Eine Vertrauensperson im Freiheitsentziehungsverfahren muss nicht in einem Vertrauensverhältnis zu einer von Abschiebungshaft betroffenen Person stehen, meint der Bundesgerichtshof in seinem Beschluss vom 28. November 2022 (Az. XIII ZB 132/19). Vertrauensperson sei diejenige Person, um deren Beteiligung die von Abschiebungshaft betroffene Person bitte, weitergehende Voraussetzungen wie ein Näheverhältnis oder eine nachvollziehbar dargelegte persönliche Beziehung seien nicht erforderlich.

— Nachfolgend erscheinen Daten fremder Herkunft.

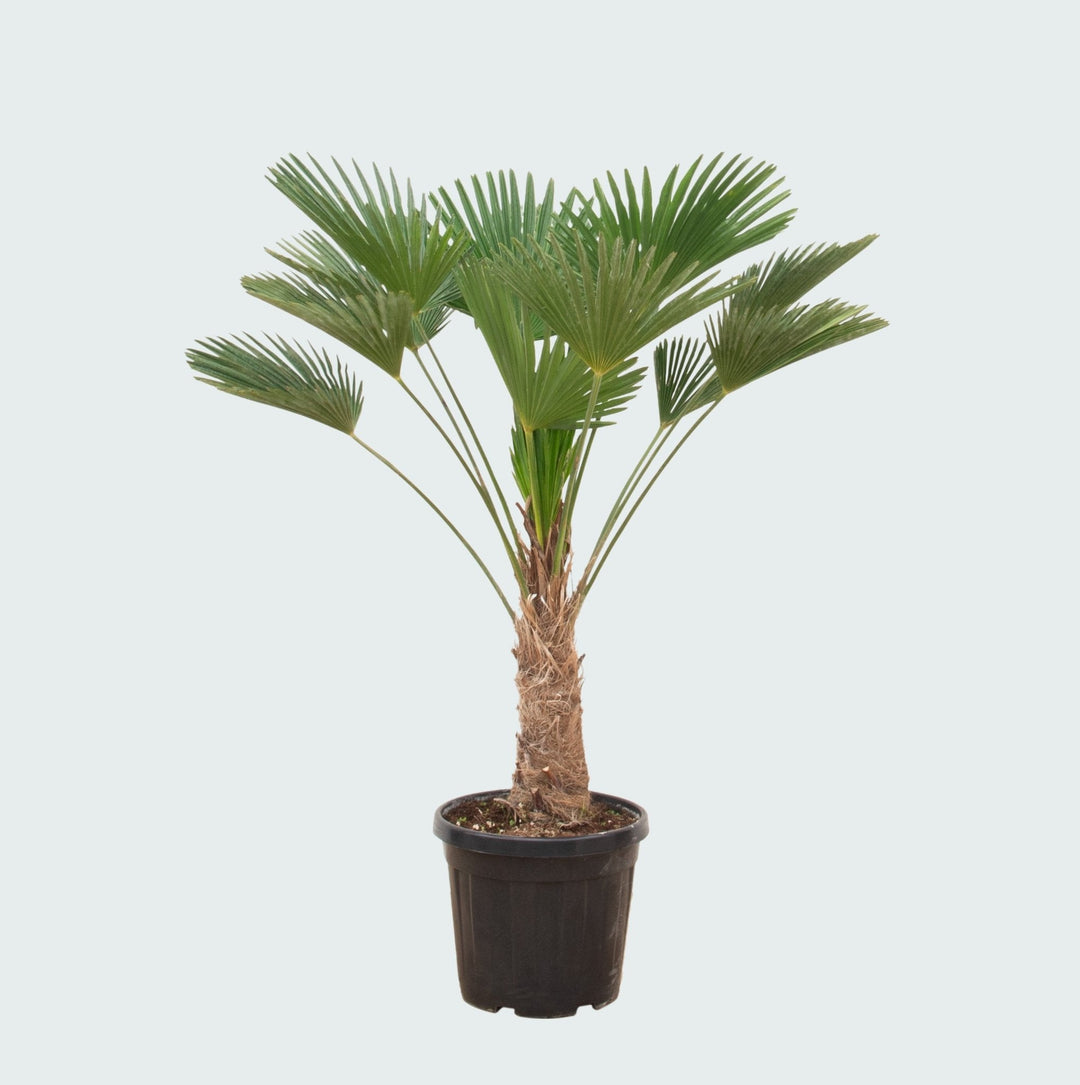 Trachycarpus wagnerianus - 130 cm - Kamerplant Kopen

Erfolglose Verfassungsbeschwerde wegen fehlender Anhörungsrüge

In seinem Beschluss vom 9. Januar 2023 (Az. 2 BvR 1217/19) hat das Bundesverfassungsgericht die Annahme einer Verfassungsbeschwerde gegen die Anordnung von Abschiebungshaft abgelehnt. Der angefochtene Beschluss des Landgerichts Ingolstadt dürfte zwar rechtswidrig sein, meint das BVerfG, weil das Landgericht einen entscheidungserheblichen Gehörsverstoß begangen habe, die Beschwerdeführerin habe jedoch keine Anhörungsrüge gemäß § 44 FamFG erhoben und damit den Subsidiaritätsvoraussetzungen für eine Verfassungsbeschwerde nicht genügt.